Also, I learned from my editor at Penguin that the 58th volume of Authors and Artists for Young Adults will include an essay on my work. I have to send them a photo today, which means I have to find one of me that I like (one I like wherein I'm not in Nebari mode).
This morning, we're expecting the first-pass page proofs for Murder of Angels. Spooky and I have to finish with them and get them back to NYC by May 20th. Tequila should render the effort almost painless.
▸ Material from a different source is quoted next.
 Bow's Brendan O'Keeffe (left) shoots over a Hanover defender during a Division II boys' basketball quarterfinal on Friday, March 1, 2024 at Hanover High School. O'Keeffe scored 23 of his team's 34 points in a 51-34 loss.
I think my comments yesterday morning about ridding myself of a sizable portion of my books elicited more response than anything I've written in this blog since I was wasting so much time mouthing of about Baby Bush's search for non-existent WOMDs in Iraq. Really, trust me, I'm not going to be throwing the books out. That's not what I meant. I wouldn't do that. They'll all be passed along to various friends and acquaintances, with a few going to used bookstores, and whatever's left going to Goodwill/Salvation Army/local public libraries. I do not throw books away. Also, while I very much appreciate the offers I've received from people willing to take them, the logistics of mailing so many books to so many people in so many different places would be far too time-consuming and expensive. But thank you, anyway. Now you can all stop worrying about my exiled books.
We finished with Season Three of The Sopranos last night. The show is brilliant, but, ultimately, I'm afraid it only serves to demonstrate how the medium of television, which really can deliver first-rate fiction, is generally wasted on the most purile crap. We'll watch Season Four next, and hopefully by the time we're done with that, Season Two of Six Feet Under will be available on DVD. After The Sopranos, I played Jak II until almost 3:30, having finally bested that frelling tank in the Baron's ammo dump and moved along to bigger things.
I got a very funny e-mail from my mother yesterday afternoon (yes, I really do have a mother), which I thought I'd pass along:
We made it back from Louisville yesterday afternoon. The only good thing I can say about the Kentucky Derby is that I picked the right horse to win. I bet $5 on Smarty Jones to win--and he did. I won $36. I was the only one in our group to bet on him.
The weather was horrible. I got caught in a press of people trying to get inside out of a thunderstorm and was almost squooshed and drowned. By the time I finally made it inside, the storm was over. Vann had gone to get a hot dog and was not so caught. There were 140,00 people there, I think. And 139,000 of them were drunk or crazy. There were people in all stages of dress and undress. The cops were filling paddy wagons as fast as they could bring them in. It was fun seeing all the different hats (women wear hats to Derby), but I'm not sure it was worth the physical stress to see them. Rating the experience, I'd have to say that I'd much prefer being bound hand and foot and staked to a fire-ant bed. I expected something much more sophisticated, I guess. What I got was a NASCAR crowd on mint juleps. I was sooooo happy to get home.